By the middle of the 1980s the Burgwardts had assembled a sizeable
and fair representation of the bicycle's history in their growing
collection and then decided to more seriously focus their collecting
a bit differently than other collections they had seen. This is
when they more aggressively, just as a hobby, began putting together
what today has become the world's largest collection of American
bicycle history. The Pedaling History Bicycle Museum's
collection, ninety-five percent American, has now become a heritage
treasure of American bicycling history that is unsurpassed in both
size and comprehensive historical content anywhere in the world.
The
collection and the exhibits in their museum present a virtual reality
experience of social changes in the world that came about as the
bicycle's early development and use revolutionized personal transportation
in the late 19th Century weaning man's dependency from the horse.
The exhibited machines and memorabilia vividly express the intensity
of the innovation, development and technologies of the bicycle's
manufacturing and use from its early years to the present. Early
on, the public was consumed by this new mechanical transportation
and quickly applied it to a changing society and a new competitive
sport of bicycle racing which for nearly half a century was America's
second most popular spectator sport.
The
bicycle's zealous and popular use led the way in personal pre-1900
transportation becoming the catalyst of all of man's personal mechanical
transportation that we use today. Its avid popularity and use brought
about the need for the development of our nation's roads, automobiles,
motorcycles, airplanes and more. America's first bicycle club -
the League of American Wheelmen (LAW) - was established
in 1880. It printed the first road maps, crusaded and lobbied
for the building of roads and wrote the driving rules of the road;
all of which became the pattern for the American Automobile Association
yet to come a couple of decades later when the automobile seriously
entered the transportation scene.
As
safety bicycles with air filled tires appeared in the early 1890s,
droves of women took to using the bicycle, prompting Susan B. Anthony's
statement that “the bicycle was the greatest invention of the 19th
Century for the emancipation of women.” Womens' fashions had
changed to be bicycle user friendly. By then, one-third of
the bicycle's annual million units plus [4]

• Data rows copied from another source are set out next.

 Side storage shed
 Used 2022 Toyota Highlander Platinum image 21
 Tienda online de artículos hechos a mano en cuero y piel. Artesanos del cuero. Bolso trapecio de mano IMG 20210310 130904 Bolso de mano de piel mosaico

production was of ladies models. A hundred years
ago the bicycle was as popular and essential to the peoples' life
style then as the personal computer is to us in our world today.

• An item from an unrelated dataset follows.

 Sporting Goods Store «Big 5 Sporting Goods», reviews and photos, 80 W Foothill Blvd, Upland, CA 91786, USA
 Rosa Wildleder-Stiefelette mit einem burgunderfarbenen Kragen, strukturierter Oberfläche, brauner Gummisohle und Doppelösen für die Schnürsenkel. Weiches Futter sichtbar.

Just as that PC has changed our style of living in communication
today, the bicycle did so with transportation a century ago; in
each century - in just the last two decades.
Since
opening fifteen years ago the museum has continued adding rare vintage
items and exhibits regularly. Rarely does a week go by without something
being added. New additions generally blend in adding more
depth by complementing and adding enrichment to the presentation
of what was there before.
Carl
and Clary Burgwardt are not only the owner-curators of the museum,
but also, hands-on historians who often personally greet their visitors
and treasure the opportunity to share their collection and vast
historical bicycle knowledge with them. They are active internationally
[5]
among advance collectors and scholarly historians, ever expanding
their knowledge of bicycle history, and are themselves high-ranked
historians of the bicycle. All these factors and much more embellish
a museum visit reliving a delightful history richly enhanced with
many extremely rare and surprising bicycle related antique treasures.